Would she do it again? Absolutely. “I never imagined the value the experience would have for me. It far outweighed the disadvantages.”

While taking a detour from your career path can be perilous, it can also lead to a more fulfilling career down the road, say some who have taken time off to pursue a dream. And low unemployment is forcing more employers to look less critically at a gap of time on a resume.

“We view this as a full employment economy, and there is a lack of qualified candidates,” says Jeff Garton, director of staffing and placement for Kraft Foods Inc. The Northfield-based food giant hires 1,100 to 1,200 people every year in North America. “In the old days when you saw a gap on a resume, the red flags went up. They still go up, but if you can explain it well, it can be a positive thing.”

Garton says employers like Kraft are changing their attitude about workers taking some time away to refresh themselves. And some companies even give veteran workers either paid or unpaid time away with a job guarantee at the end. Among them: American Express, Apple Computer, McDonald’s Corp., Nike and Xerox Corp.

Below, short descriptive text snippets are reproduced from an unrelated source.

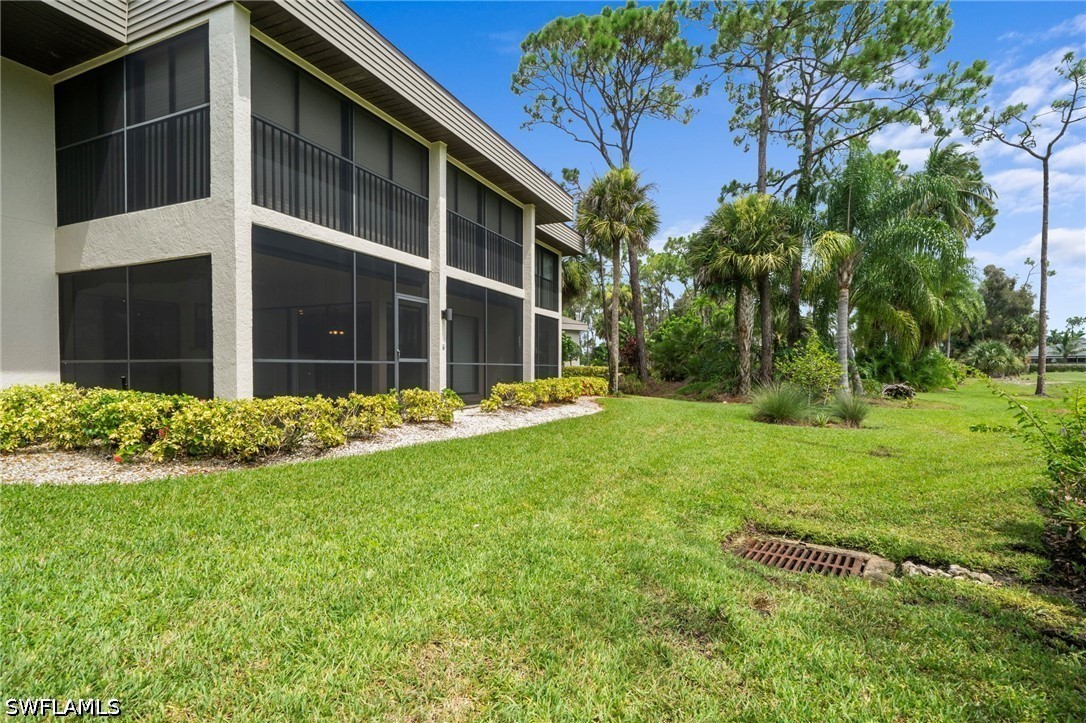 3 Bed Condominium for Sale in Fairways, FL, $250,000 — photo 44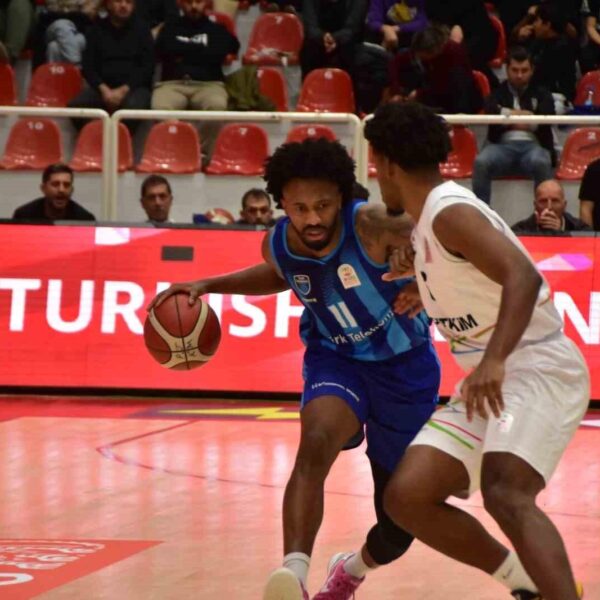 Basketbol Süper Ligi: Aliağa Petkimspor: 68 - Türk Telekom: 75
-18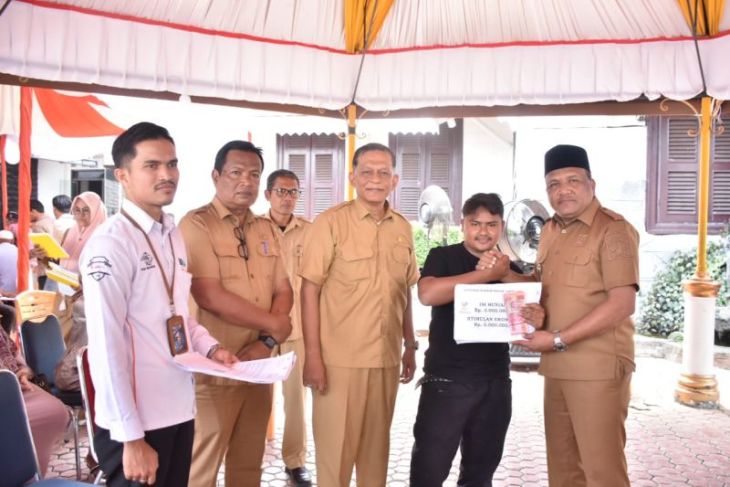 Pemkab Bireuen salurkan stimulan ekonomi untuk penyintas bencana banjir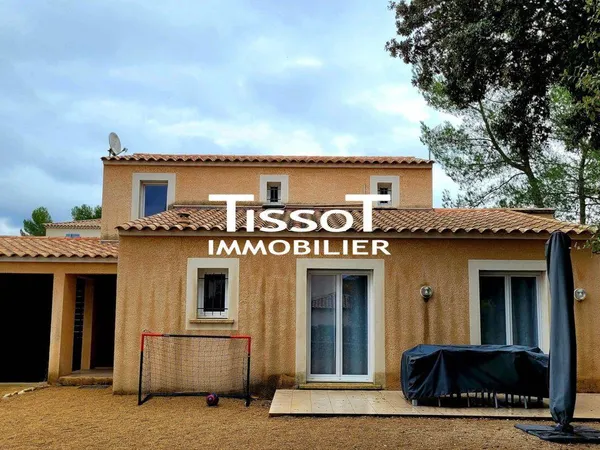 Villa 5 pièces 137 m²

“Sabbaticals are of interest to employers (in attracting and retaining top employees) and the trend is growing,” says Diana Reace, a research consultant with Hewitt Associates, a benefits consulting firm in Lincolnshire. Hewitt recently surveyed companies about sabbatical policies and will report the findings later this fall. In a similar survey in 1994, one in four employers offered a paid or unpaid sabbatical.

Still, unless you go back to a guaranteed job, returning to work after some time away requires even more energy than the first time you entered the work force. Helmink started her career re-entry process nearly a year before returning to the United States. She researched firms that could use her experience in Hungary, as well as her management skills from Herman Miller and her 10 years experience as an adviser to the industrial development and energy departments with the World Bank. She sent letters to several firms while still in Hungary, and landed a job with Atlanta-based Universal Management Concepts as a Chicago-based consultant helping small- and mid-sized firms set up business overseas.

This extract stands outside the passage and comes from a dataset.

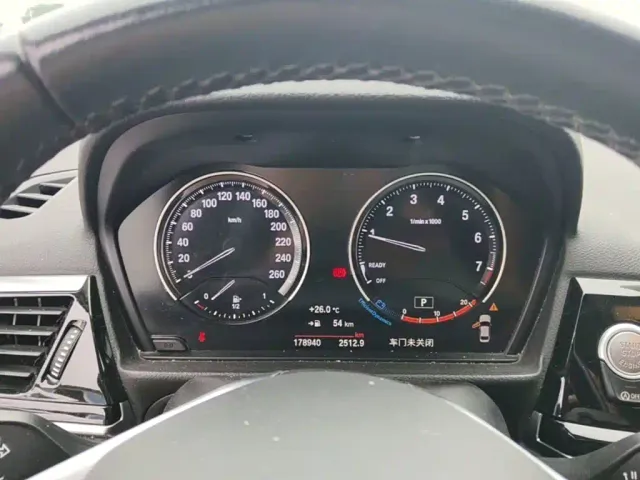 BMW 1 Series — Фото автомобиля 11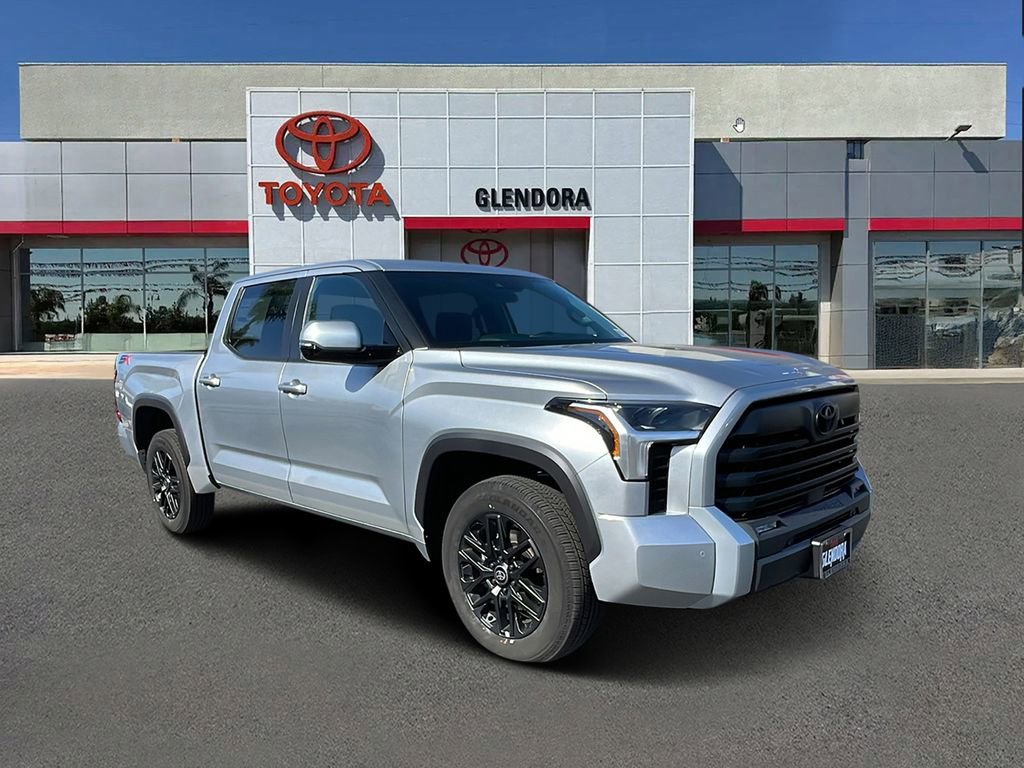 New 2026 Toyota Tundra SR5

Whether it’s six months off to paint landscapes or several years off devoted to child-rearing, the key is to never lose touch with your marketable skills.

Peace Corps volunteers get job-search workshops three months before returning home, says Kim Mansaray, the organization’s regional manager in Chicago. Volunteers’ most common mistake, she says, is in underselling their time off from their traditional careers. “They need to reinforce with employers their ability to work with people different from them and their experience in the global market. Those are things employers are all wanting today.”

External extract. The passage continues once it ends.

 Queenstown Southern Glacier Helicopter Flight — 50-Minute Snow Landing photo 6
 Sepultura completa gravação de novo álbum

It’s important to recognize that time away may make you a different person. Less than a year after Helmink joined the consulting firm, she quit to form her own Lincoln Park consulting firm.

“This changes you,” she says of her time off the corporate ladder. “I have to admit my attitude toward work is different. I still work hard, but I also try to volunteer in the community when I can. I see guys working 80 hours a week with bags under their eyes and the stress is killing them. What is the payoff in that, a heart attack?”